I don't mean to suggest that such issues arise for everyone; maybe only very few are sensitive to it. Where they do, however, they can be crippling. Of all the women with whom I've played, everyone over, say, 35, has wrestled with her a priori identification of herself as a feminist and her apparently conflicting desire to be tied up, or more generally overcome and dominated (younger women seem less, but still a little, conflicted). It is a proverbial cognitive disjunct and is so common in my experience that I feel as if I have begun parroting myself whenever the subject is broached (which often issues in some form of "What does this say about me as a person?"). There is at once a thrilling sense that rules are being transgressed combined with an equally gravitational sense that there lurks some sort of moral failure, a duty to oneself that is not being observed. In no case is anything like a natural flow of feeling the first and most ready instinct.
Which is, regrettably to my mind, not so dissimilar from general attitudes toward sex characteristic of even earlier generations.
Men, as is our wont, react hostilely toward any limitations placed on the biological imperative of spreading ourselves thinly and using lots of resources (such as women). What has been good for social functionality has been damaging to instinctual masculinity, for there are simply too many of us men walking the earth for any of us to be free-ranging anymore.
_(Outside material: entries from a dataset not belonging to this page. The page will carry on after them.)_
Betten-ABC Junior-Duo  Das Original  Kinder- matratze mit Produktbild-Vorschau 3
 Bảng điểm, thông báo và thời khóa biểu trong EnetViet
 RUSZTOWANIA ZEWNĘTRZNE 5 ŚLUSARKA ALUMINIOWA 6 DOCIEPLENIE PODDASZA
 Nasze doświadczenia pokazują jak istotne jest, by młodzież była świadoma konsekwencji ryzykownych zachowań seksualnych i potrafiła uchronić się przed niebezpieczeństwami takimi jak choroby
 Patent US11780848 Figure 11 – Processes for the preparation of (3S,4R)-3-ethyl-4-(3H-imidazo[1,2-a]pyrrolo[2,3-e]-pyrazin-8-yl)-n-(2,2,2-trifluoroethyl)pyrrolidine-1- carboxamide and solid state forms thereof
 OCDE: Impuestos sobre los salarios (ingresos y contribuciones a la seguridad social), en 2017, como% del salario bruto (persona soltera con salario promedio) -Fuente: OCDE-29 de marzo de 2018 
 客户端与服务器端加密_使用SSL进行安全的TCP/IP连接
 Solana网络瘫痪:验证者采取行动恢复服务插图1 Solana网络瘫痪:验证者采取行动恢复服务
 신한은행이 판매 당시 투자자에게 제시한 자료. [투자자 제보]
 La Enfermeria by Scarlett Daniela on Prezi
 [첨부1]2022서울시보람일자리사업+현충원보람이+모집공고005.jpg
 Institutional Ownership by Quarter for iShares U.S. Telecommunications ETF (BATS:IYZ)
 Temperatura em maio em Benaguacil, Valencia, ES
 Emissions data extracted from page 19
Of course pointing out the debasing of masculine gender identity is not only politically incorrect (since somehow men are still believed to hold most if not all of the cards), such an allowance by any man reflexively and further debases its claimant among those of his own gender, since it admits to a weakness which is not part of masculinity as gender construct or as biological agent. The only "men" who effect classic masculine stereotypes with no fear of interdiction are those in either gender transition or those of a lower order of class. In both cases overt masculinism is tolerated because such men are politically ennobled by their socially marginalization or economic oppression. But the gender indeterminate and gender-fucked people with whom I have played have a uniquely canny take on the fluidity of assignments and identity - to float at the flexible edges of correct anything is the only place anything important ever happens.
Thus do heterosexual men find not much with which to align themselves, and with even less by which to position themselves as exceptional (which, to certain people with a puritanically punitive sensibility, is as it should be, and is especially agreeable to the sort of men in public office and with public profiles whose testosterone so frequently crosses up their fragile egos (paging Elliot Spitzer)). This plays out in relationships as it does in the larger corpus of society. A pro-domme once noted to me that men cannot be submissive for fear of what either women or other men might think of them, nor can they be full-on dominant without being ridiculed in the popular consciousness. The rational choice is to keep up a neurotic straddling act and essentially cease to register anywhere with anyone.
It could be that we all come to the BDSM table "broken" in some conventional sense of that word, but so what? What we don't appear to be doing in large measure is coming as we really are - perhaps beaten down and eager for a refreshed self-image, believing in a vitality we once knew we had and in our own ability to have it again... in our own worthiness of feeling alive.
Men especially do not feel particularly worthy of the drives that give no other species pause. The idea that it is right and in the nature of people to inflame their senses, leave their heads, to swoop down and be swept up, to have struggle and suffering included as tonics to the all-too-quickly digested repast... all this is not well endorsed, not outside the precincts of fiction at least. So, most doms are just scared that any instinct they act upon might be construed as a factual self-affirmation, a statement of principle, as a look into who they really are, and thus an alert to God, mom and the psycho-industrial complex to swing into action.
In practice I think what we get to see these days are largely half-measures of men, dom or otherwise.
A bit of a ramble, but that's how it is sometimes.